優しいナスビと手繋ぎペア
灯枇の心に深く刻まれたトラウマが、手繋ぎペアと黒板消しにまつわるエピソードだった。
まず手繋ぎペアとは、1年生との交流ペアの事である。ヒヲス小学校では6年生と2年生だけが、その時の1年生と折に触れて行動させられ、絆や成長を深める。
という建前はさておき、結局の所1番年下で、それまでは年長さんとして気を張っていたのがいざ小学校へ入学して、また甘ったれの末っ子状態に赤ちゃん返りした子達を内封した1年生という厄介者集団を、比較的安心して任せられる最年長者の6年生達、若しくは立場への自覚を芽生えさせたい元末っ子の2年生達を適宜利用して、遠足地まで一種の見張り役とお守りをさせるのだ。

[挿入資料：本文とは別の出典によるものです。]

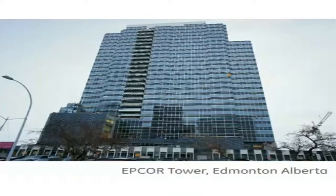There are many demonstration projects completed; one is the Epcot tower in Edmonton. It saves nearly $10,000 per year from its energy bill by using this system.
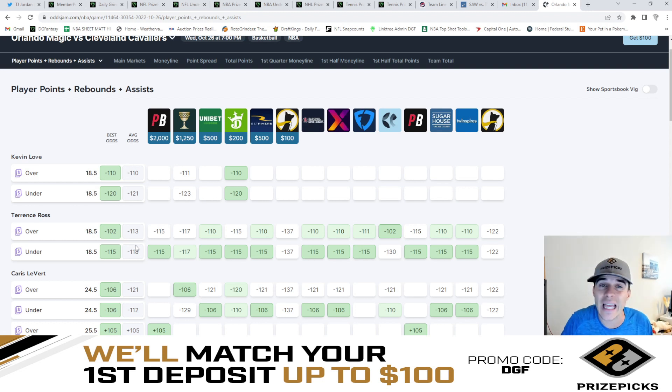We already know that there's slight juice on the under of 18.5, so if PrizePicks put him up at 22.5 that would deem extremely good value on the under and make that a plus EV play. And that's what I'll be doing in this video — comparing major sportsbooks lines to the PrizePicks lines by utilizing our DGF NBA PrizePicks optimizer and giving you guys my five favorite value plays.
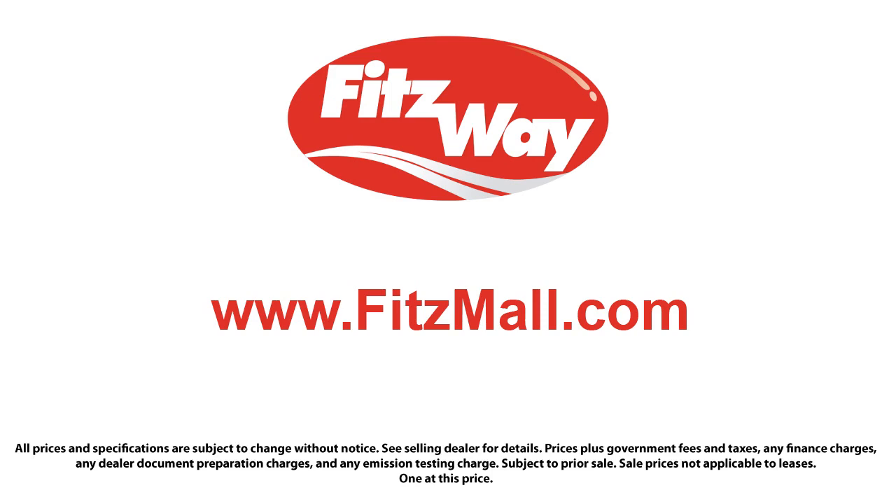The Fitzway puts the customer first with honesty, respect, and a total commitment to customer satisfaction. That's the Fitzway.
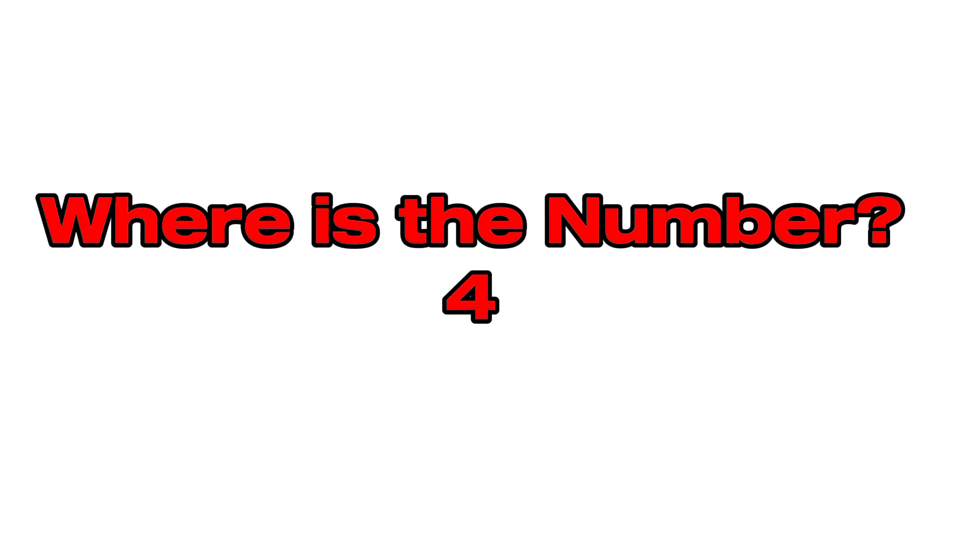Challenge time! Let's play! Where is the number four? Four. Terrific! You found four.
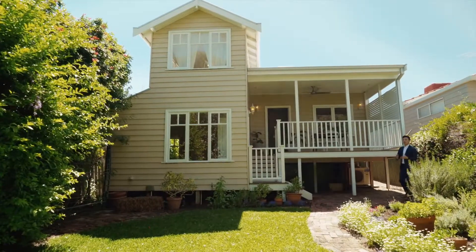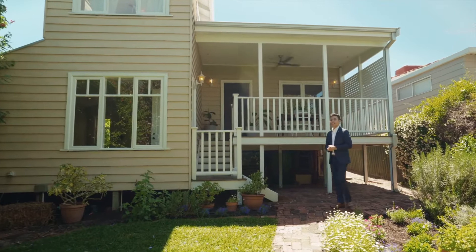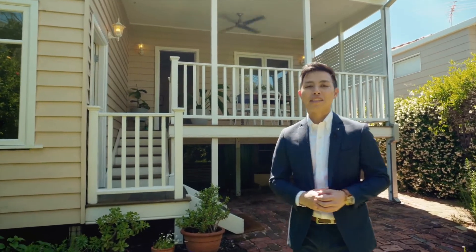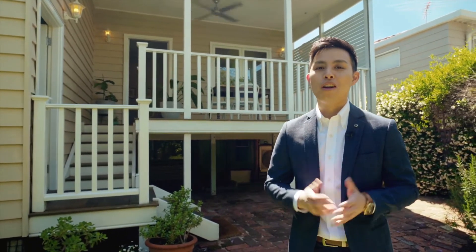You know, the word which comes to mind when I first see this home, it's awe-inspiring. Built in 1930, it has stood the test of time. Not only beautiful inside and out, those character features and this spacious backyard are simply to die for. Welcome home.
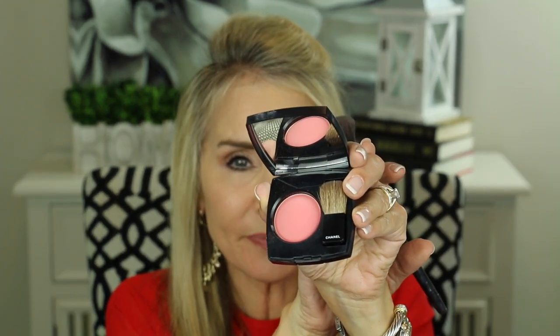My next most favorite Joues Contraste blush is this rosy color — absolutely beautiful, almost a little bit of fuchsia and a little bit of peach mixed in. It's called Quintessence, and I'll put it on the other side so you can see the contrast with the more natural color. That more natural color is something I could wear pretty much every day. This one is a little more zingy but I think it still has a very natural look, and I love it because it doesn't tend to have the harsh lines of demarcation I've gotten with many other blushes.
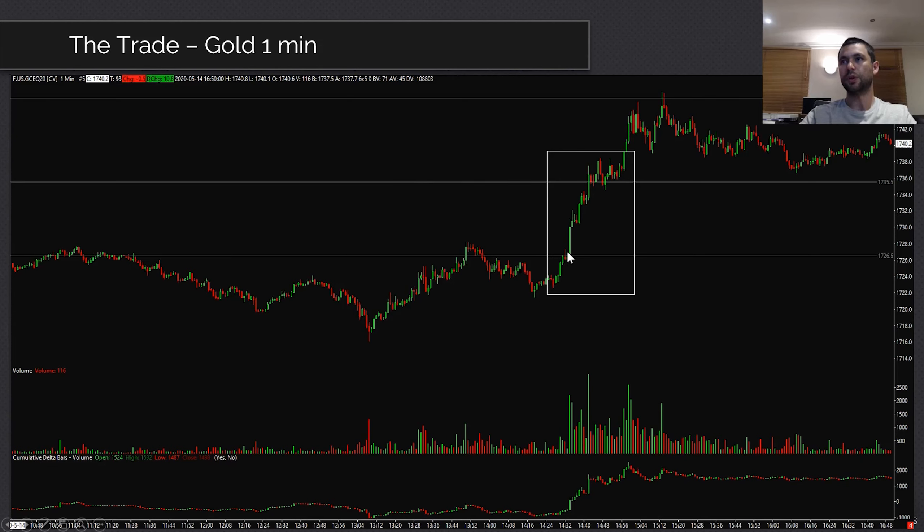Going back to the one-minute chart, the key level is 26.5 — that's yesterday's high — with visible attempts to break it. Then there's last week's high and the week before's. The key levels to watch: 26.5 is the break of yesterday's high, and 35.5 is last week's high. Let's move to the charts.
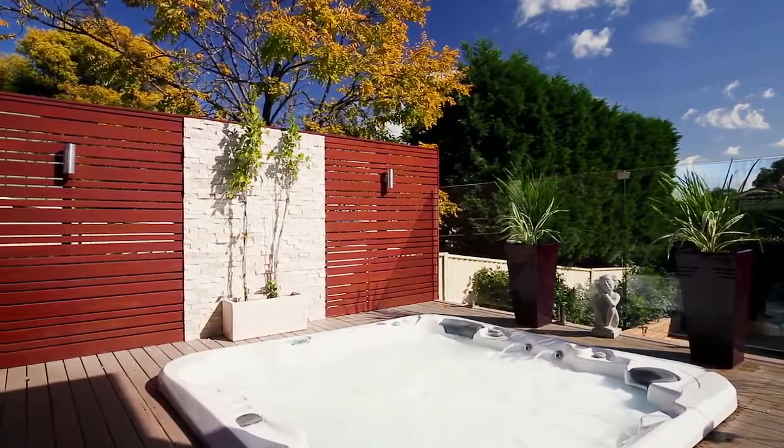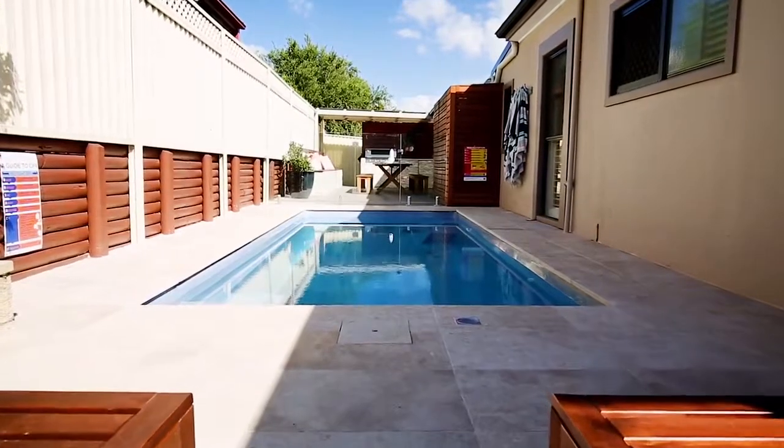Apart from the wide frontage and the central location, my favourite feature of the property has to be the indoor-outdoor flow. It also offers an amazing undercover entertaining area.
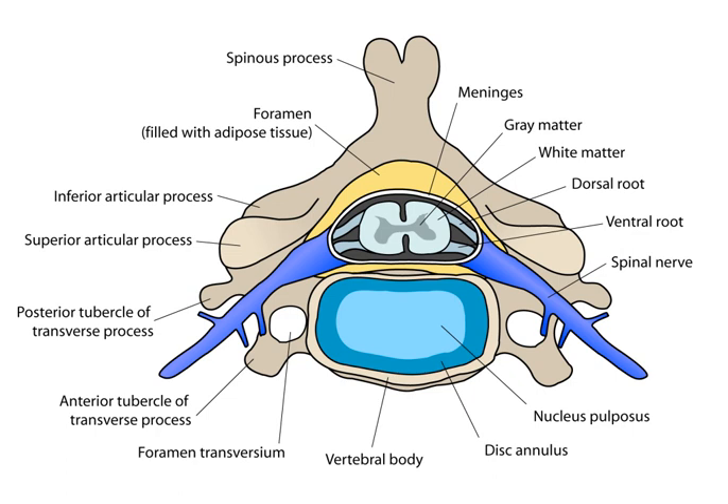The dorsal roots are afferent fascicles, receiving sensory information from the skin, muscles, and visceral organs to be relayed to the brain. The roots terminate in dorsal root ganglia, which are composed of the cell bodies of the corresponding neurons. Ventral roots consist of efferent fibers that arise from motor neurons whose cell bodies are found in the ventral gray horns of the spinal cord.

しかしこの少子高齢のご時世に、上手いこと世話役と1年生の人数比が揃うとは限らない。案の定灯枇1人が世話役として余り、何故かナスビと二人一組にされて世話役を命じられた。そしてこれまた最悪の予感が的中し、精力的に世話役に取り組んで、灯枇には一切手を出させなかった、優しい優しい世話役のナスビは、彼女たった一人に宛てられたお礼の手紙を受け取った。
双方の担任教師は、事前に手紙の内容を確認しなかったのだろうか? 忙しくてそれどころじゃなかった? それとも手紙で一切触れられ無い程、何もしなかった灯枇が悪いと思って捨て置いたのか? その割には何ら呼び出しも注意も無かったのは腑に落ちない話だが、少なくとも手繋ぎペアの1件は、灯枇にとってその後も深いトラウマとなった。